> [RAW DATA]:
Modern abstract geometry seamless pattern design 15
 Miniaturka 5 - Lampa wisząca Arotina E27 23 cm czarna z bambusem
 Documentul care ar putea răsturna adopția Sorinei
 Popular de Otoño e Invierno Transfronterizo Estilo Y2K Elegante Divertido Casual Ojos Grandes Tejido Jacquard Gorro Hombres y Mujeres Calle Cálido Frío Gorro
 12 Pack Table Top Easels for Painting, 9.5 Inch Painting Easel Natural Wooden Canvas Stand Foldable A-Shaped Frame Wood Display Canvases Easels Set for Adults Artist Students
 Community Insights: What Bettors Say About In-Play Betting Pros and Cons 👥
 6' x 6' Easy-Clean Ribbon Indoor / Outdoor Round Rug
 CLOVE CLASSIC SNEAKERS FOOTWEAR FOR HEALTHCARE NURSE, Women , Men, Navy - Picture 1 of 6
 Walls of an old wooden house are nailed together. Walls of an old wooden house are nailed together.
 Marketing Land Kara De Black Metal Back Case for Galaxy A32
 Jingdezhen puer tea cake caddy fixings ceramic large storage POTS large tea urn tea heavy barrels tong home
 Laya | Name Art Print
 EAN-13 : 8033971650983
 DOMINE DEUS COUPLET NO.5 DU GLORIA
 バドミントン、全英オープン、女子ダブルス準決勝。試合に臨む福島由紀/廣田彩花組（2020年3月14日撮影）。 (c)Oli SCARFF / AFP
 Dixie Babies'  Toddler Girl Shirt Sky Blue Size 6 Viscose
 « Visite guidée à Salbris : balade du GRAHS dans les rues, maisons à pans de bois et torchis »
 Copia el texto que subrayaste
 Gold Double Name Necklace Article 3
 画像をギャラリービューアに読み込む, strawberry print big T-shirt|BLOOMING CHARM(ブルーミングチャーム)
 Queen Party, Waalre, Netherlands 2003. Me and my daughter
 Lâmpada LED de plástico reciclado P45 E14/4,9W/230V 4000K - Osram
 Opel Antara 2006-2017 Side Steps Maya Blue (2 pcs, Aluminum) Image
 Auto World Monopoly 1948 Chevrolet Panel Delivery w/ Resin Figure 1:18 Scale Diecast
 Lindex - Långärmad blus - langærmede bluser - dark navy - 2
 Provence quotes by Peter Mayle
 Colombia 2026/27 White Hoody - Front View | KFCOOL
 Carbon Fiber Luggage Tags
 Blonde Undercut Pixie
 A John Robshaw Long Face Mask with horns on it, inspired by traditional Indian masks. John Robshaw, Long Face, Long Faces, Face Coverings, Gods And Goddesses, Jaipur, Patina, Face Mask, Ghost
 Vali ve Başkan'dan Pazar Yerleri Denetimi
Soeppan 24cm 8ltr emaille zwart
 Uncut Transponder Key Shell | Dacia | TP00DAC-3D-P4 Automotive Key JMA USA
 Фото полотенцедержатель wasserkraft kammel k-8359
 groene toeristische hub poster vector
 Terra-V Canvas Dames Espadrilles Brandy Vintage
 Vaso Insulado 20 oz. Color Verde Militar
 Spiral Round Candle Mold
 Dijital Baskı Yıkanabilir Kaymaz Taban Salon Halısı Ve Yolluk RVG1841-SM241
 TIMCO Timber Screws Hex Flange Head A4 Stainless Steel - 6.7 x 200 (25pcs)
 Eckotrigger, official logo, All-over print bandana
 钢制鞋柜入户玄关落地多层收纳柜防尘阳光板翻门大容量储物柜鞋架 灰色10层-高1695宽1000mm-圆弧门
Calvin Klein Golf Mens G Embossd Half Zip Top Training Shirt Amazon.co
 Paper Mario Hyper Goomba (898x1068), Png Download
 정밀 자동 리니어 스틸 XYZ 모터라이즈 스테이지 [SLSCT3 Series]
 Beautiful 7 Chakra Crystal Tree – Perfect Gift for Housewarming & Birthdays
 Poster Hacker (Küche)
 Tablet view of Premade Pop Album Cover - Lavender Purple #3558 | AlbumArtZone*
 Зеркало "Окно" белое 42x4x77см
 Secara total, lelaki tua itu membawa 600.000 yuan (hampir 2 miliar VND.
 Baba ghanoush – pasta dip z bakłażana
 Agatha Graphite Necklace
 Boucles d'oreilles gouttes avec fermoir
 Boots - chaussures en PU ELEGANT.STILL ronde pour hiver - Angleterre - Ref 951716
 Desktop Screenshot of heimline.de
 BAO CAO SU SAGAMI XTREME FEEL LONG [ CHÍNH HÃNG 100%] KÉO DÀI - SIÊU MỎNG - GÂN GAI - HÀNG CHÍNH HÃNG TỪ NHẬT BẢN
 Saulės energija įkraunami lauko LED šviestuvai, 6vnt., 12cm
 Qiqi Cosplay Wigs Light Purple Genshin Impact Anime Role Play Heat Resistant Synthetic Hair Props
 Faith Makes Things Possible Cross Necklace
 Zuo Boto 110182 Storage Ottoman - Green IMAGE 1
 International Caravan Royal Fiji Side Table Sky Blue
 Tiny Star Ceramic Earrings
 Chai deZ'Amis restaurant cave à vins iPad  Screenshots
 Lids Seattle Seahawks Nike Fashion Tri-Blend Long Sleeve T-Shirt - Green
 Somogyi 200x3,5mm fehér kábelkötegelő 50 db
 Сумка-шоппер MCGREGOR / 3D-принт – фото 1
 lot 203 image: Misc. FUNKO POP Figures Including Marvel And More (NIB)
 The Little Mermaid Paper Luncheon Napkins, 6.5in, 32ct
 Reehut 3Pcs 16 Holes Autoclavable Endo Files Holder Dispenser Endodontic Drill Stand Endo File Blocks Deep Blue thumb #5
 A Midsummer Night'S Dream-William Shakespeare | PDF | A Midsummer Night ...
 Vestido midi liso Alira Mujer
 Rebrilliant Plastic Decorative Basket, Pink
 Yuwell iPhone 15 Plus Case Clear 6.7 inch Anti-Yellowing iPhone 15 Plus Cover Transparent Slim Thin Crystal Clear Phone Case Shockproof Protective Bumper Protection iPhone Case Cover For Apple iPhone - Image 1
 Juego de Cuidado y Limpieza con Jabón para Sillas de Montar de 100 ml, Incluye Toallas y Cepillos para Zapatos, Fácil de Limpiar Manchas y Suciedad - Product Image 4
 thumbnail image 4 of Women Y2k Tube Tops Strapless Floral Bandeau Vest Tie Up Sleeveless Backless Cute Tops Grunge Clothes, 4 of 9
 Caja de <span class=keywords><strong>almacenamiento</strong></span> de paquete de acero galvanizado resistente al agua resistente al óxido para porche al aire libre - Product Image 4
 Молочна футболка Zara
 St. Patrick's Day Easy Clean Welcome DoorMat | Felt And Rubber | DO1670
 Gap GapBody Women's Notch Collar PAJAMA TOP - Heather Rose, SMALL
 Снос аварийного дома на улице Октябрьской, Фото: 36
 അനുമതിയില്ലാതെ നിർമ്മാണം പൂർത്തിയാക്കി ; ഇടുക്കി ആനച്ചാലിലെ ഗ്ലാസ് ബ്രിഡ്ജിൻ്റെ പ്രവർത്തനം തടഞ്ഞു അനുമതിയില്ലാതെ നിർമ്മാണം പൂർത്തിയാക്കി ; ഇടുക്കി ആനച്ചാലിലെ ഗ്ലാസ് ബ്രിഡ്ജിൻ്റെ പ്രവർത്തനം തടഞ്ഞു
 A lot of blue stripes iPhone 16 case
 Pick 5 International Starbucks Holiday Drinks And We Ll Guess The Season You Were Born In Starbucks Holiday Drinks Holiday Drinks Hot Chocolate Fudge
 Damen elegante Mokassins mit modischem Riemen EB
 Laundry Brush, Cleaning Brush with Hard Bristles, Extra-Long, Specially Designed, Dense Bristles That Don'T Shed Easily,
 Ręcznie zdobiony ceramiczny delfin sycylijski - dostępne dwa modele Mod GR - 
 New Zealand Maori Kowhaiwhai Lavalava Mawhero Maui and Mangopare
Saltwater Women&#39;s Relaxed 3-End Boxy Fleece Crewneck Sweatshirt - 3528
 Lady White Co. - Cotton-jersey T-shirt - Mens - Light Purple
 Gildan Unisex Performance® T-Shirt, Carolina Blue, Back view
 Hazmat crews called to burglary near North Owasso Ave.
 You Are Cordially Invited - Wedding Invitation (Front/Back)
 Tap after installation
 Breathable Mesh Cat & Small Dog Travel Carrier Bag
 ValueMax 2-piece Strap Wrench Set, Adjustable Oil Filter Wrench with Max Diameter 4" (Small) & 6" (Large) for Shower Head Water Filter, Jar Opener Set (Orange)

> [DIRECTIONS FOR THIS TASK]: Copy the lines of the data above exactly as written, beginning with the line containing "Gap GapBody Women's" and ending with the line containing "Tap after installation", and leave out all other lines.

> [RESPONSE TO THE EXERCISE]:
 Gap GapBody Women's Notch Collar PAJAMA TOP - Heather Rose, SMALL
 Снос аварийного дома на улице Октябрьской, Фото: 36
 അനുമതിയില്ലാതെ നിർമ്മാണം പൂർത്തിയാക്കി ; ഇടുക്കി ആനച്ചാലിലെ ഗ്ലാസ് ബ്രിഡ്ജിൻ്റെ പ്രവർത്തനം തടഞ്ഞു അനുമതിയില്ലാതെ നിർമ്മാണം പൂർത്തിയാക്കി ; ഇടുക്കി ആനച്ചാലിലെ ഗ്ലാസ് ബ്രിഡ്ജിൻ്റെ പ്രവർത്തനം തടഞ്ഞു
 A lot of blue stripes iPhone 16 case
 Pick 5 International Starbucks Holiday Drinks And We Ll Guess The Season You Were Born In Starbucks Holiday Drinks Holiday Drinks Hot Chocolate Fudge
 Damen elegante Mokassins mit modischem Riemen EB
 Laundry Brush, Cleaning Brush with Hard Bristles, Extra-Long, Specially Designed, Dense Bristles That Don'T Shed Easily,
 Ręcznie zdobiony ceramiczny delfin sycylijski - dostępne dwa modele Mod GR - 
 New Zealand Maori Kowhaiwhai Lavalava Mawhero Maui and Mangopare
Saltwater Women&#39;s Relaxed 3-End Boxy Fleece Crewneck Sweatshirt - 3528
 Lady White Co. - Cotton-jersey T-shirt - Mens - Light Purple
 Gildan Unisex Performance® T-Shirt, Carolina Blue, Back view
 Hazmat crews called to burglary near North Owasso Ave.
 You Are Cordially Invited - Wedding Invitation (Front/Back)
 Tap after installation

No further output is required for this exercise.